8. OLG Bamberg, FamRZ 1988, 752 = DAVorm 1988, 448
    Schutz der Kinder vor unnötigen Verlust eines Elternteils, wonach es dem Familiengericht in geeigneten Sorgerechtsverfahren sogar obliegt, den Abbau von Streitpotential zu versuchen und den Eltern den Gedanken an gemeinsame elterliche Sorge nahezulegen.

Koeppel (s.o): Das OLG Bamberg hat bereits 1988 aus dem Zivilpakt die Verpflichtung des Gerichtes abgeleitet, dem betroffenen Kind wo immer möglich bei Scheidung beide Elternteile zu erhalten. Es führte aus, daß unter notwendigem Schutz auch der Schutz des Kindes vor dem unnötigen Verlust eines Elternteiles gehöre. Diese Feststellung ist logischerweise dahingehend zu ergänzen, daß andererseits der Schutz des Kindes vor einem Elternteil dann notwendig wird, wenn, um in BGB-Terminologie zu sprechen, die Kriterien der §1666f. BGB vorliegen. Das Wort "notwendig" weist auf das auch im Völkerrecht ausgeprägte Verhaltnismäßigkeitsprinzip hin.

Mit seiner bahnbrechenden Entscheidung hat das OLG Bamberg 1988 nicht nur dem Rechtsanwendungsbefehl des Grundgesetzes (Art 59 Abs. II GG), sondern auch dem richterlichen Rechtsfortbildungsauftrag entsprochen.
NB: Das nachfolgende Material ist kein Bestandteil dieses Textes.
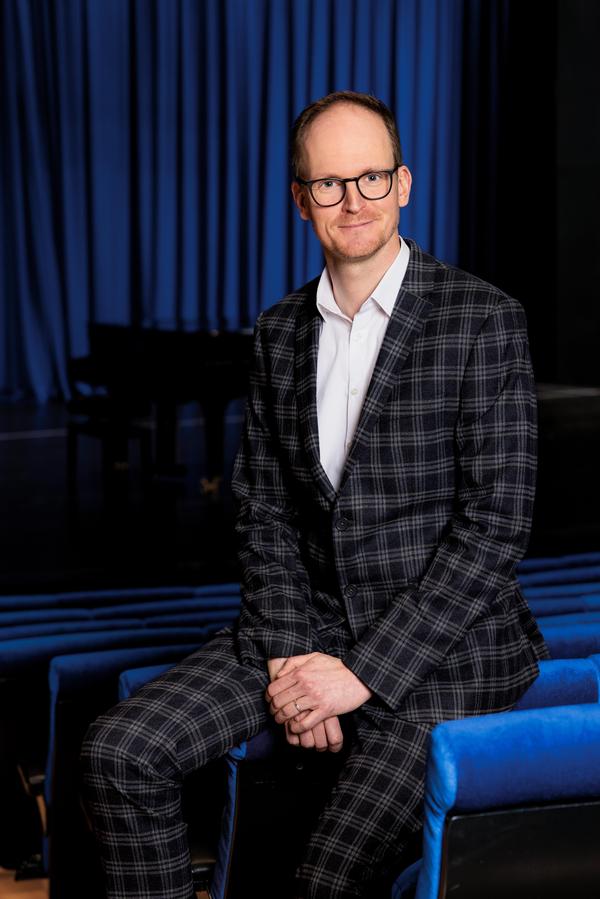 Der neue Indendant am Theater Hof: Lothar Krause
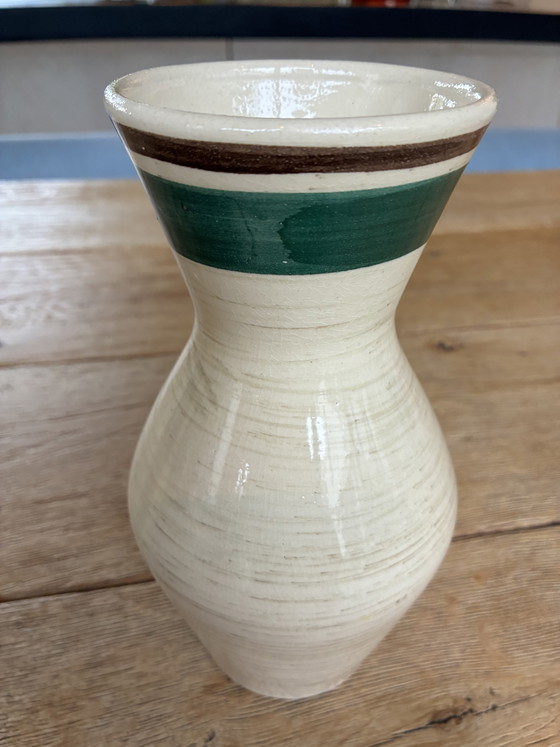 Image 1 of Vase Scheurich, Allemagne de l'Ouest, 21 cm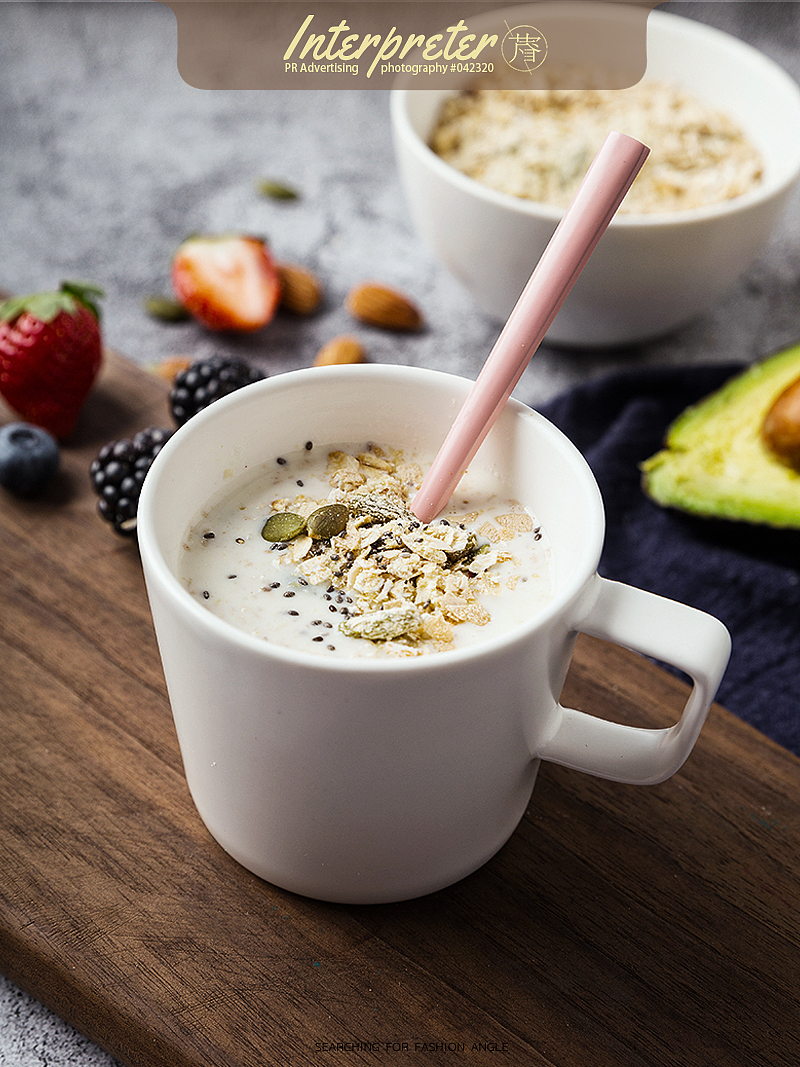 PR芃睿品牌诠释者早餐麦片拍摄 |PR Ad photography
Das Bundesverfassungsgericht hat nämlich im Zusammenhang mit der Europäischen Sozialcharta (ESC), welche unbestritten Staatenverpflichtung darstellt, formuliert, "daß es dahinstehen konne, ob sie unmittelbar, geltendes Bundesrecht ist oder ob sie lediglich den Gesetzgeber und den rechtsfortbildenden Richter bindet oder wenigstens Auslegungsmittel für das nationale Recht ist".

9. OLG Karlsruhe, FamRZ 1987, 89.
gemeinsame Sorge bleibt, wenn keine Nachteile gegenüber Alleinsorge

10. OLG Hamburg, FamRZ 1985, 1284;
.,,Rein vom Gesetz her ist der Richter an sich nicht gehindert, auch ohne einen solchen Vorschlag das gemeinsame Sorgerecht zuzuteilen, wenn er die Überzeugung gewinnt, daß dies dem Kindeswohl am besten entspricht (§1671 Abs. 2 BGB)."